Autour de ces nouveaux rois du monde rôde fatalement une cour de mouches à merde, plus déterminées les unes que les autres à se gaver de leur naïve arrogance.
Croire que tout ce qui est beau est forcément cher est, à mes yeux, l'expression la plus poussée de vulgarité intellectuelle ou culturelle, bien que dans certains cas, cette affirmation reste vraie et surtout fondée. C'est le cas notamment pour les montres, les voitures, les hôtels mais qu'en est il de l'amour, la paix de l'âme, le temps ou la joie?
Avec cette question de jeune vierge qui n'est pas sortie de sa tour depuis plus d'un siècle et dont le minou sent les draps des vieilles à l'hospice, je vois arriver les machos, les couillus, les "j'm'épile pas le torse, chuis pas un pédé!" avec leurs cortèges de questions aussi limitées que le cerveau d'un joueur de foot ou d'un motard, "l'amour c'est pour les pédés ou les pucelles, ou les deux à la fois", "moi on me donne une Rolls, je la prend et je vais à Saint trop' niquer de la fille de l'est à la tonne!".
L'espace d'un achat on peut tout combler, mais pour combien de temps?

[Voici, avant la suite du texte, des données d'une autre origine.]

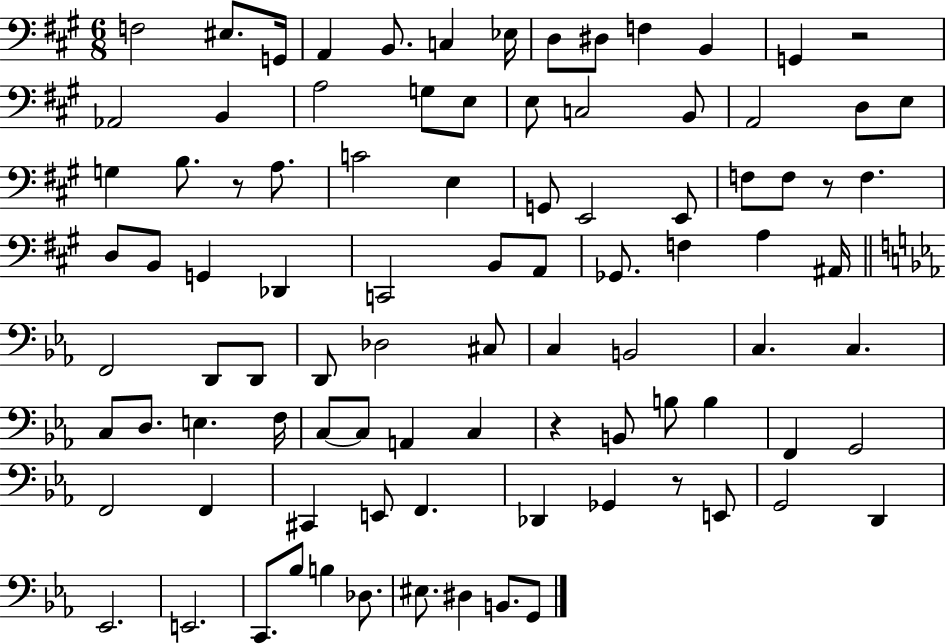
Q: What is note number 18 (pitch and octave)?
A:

Personnellement, sur mon lit de mort je préfère caresser la main de mes enfants que la portière de ma Bentley ou le bracelet de ma Patek, c'est con, mais c'est comme ça.
Pourquoi "Coach de coaches"?
Pour les raisons évoquées ci dessus. Pour transformer les mouches à merde en papillon et les renards en renards et pas en lécheurs de culs de corbeaux!

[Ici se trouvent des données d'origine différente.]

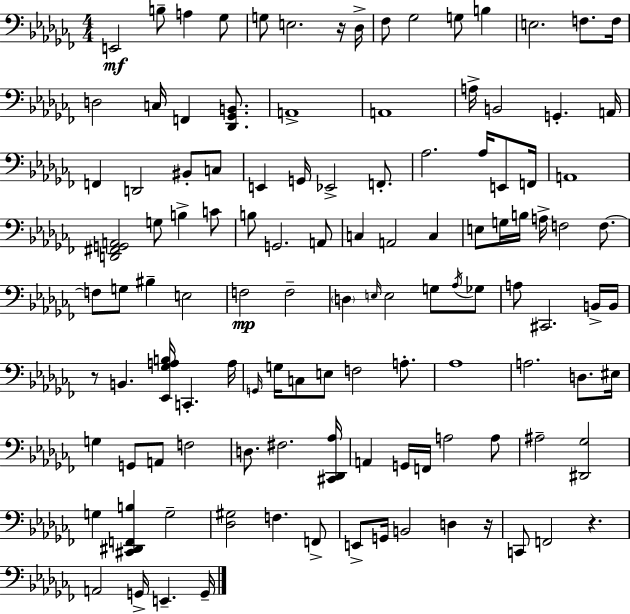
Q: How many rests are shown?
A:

"Vous avez ce que je n'ai pas: du fric et j'ai ce que vous n'avez pas: un look". Tôt ou tard, on finit par décrocher son téléphone et prendre un rendez-vous avec John Machin ou Peter Truc, interminablement intermittents du spectacle, devenus coachs devant l'Eternel et surtout pour M6 afin de vous faire coacher ce que vous voulez. Leur limite? Votre budget!

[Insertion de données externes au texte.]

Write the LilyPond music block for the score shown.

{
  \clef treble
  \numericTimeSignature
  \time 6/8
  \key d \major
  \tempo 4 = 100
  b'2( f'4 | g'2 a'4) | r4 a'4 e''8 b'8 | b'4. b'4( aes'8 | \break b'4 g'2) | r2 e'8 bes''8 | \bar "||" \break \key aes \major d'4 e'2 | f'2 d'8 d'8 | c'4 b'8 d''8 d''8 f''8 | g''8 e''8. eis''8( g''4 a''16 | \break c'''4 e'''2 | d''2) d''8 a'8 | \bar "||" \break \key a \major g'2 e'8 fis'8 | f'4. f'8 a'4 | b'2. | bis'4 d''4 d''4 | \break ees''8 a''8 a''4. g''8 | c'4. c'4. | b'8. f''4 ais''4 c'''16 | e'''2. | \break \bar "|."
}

Le problème avec ce genre d'androgynes, qui semblent sans cesse chasser une mouche avec leur main droite, c'est qu'en buvant leurs potions magiques pour devenir uniques, c'est à dire remarquables au sens "remarqué au milieu du dancefloor par une Sharone Stone prête à déposer sa fortune à vos pieds pour avoir le privilège de vous tailler une pipe", vous vous réveillerez complètement perdus au milieu d'un océan de chemises cintrées, de jeans slims et de chaussures brillantes à bouts pointus. Rassurez-vous, il vous restera toujours Julien Courbette pour faire du con anonyme que vous étiez, le con le plus populaire entre 22h30 et minuit et si ça ne suffit pas, ayez le réflexe Jean Claude Alarue!
Le jeu en valait il vraiment la chandelle? Si le coach a bien fait son boulot, c'est à dire vous avoir nettoyé le trou du cul à l'en faire briller comme une soupière en argent, votre réponse affirmative sera sans appel. En revanche, si vous avez des amis comme il en existe de moins en moins à mesure que vous gravissez l'échelle sociale, seule la somme déboursée pour cette sodomie artistique restera votre fierté.
Etre au chômage ne fait pas forcément de vous un coach en organisation du temps comme remplacer l'ampoule de la cage aux lapins de votre neveau ne vous propulsera pas au rang de coach en relooking d'intérieur!
Quoique, avec une bonne paire de couilles et un bon jeu de langue on arrive à caster n'importe quel animal pour le rôle du corbeau dans les fables de Lafontaine!
Alors, habillement ou déguisement?
Unique ou conforme?
Si la crainte de Dieu est le début de la sagesse pour n'importe quel croyant, en vérité, moi je vous le dit: le style peut devenir une mode, jamais l'inverse.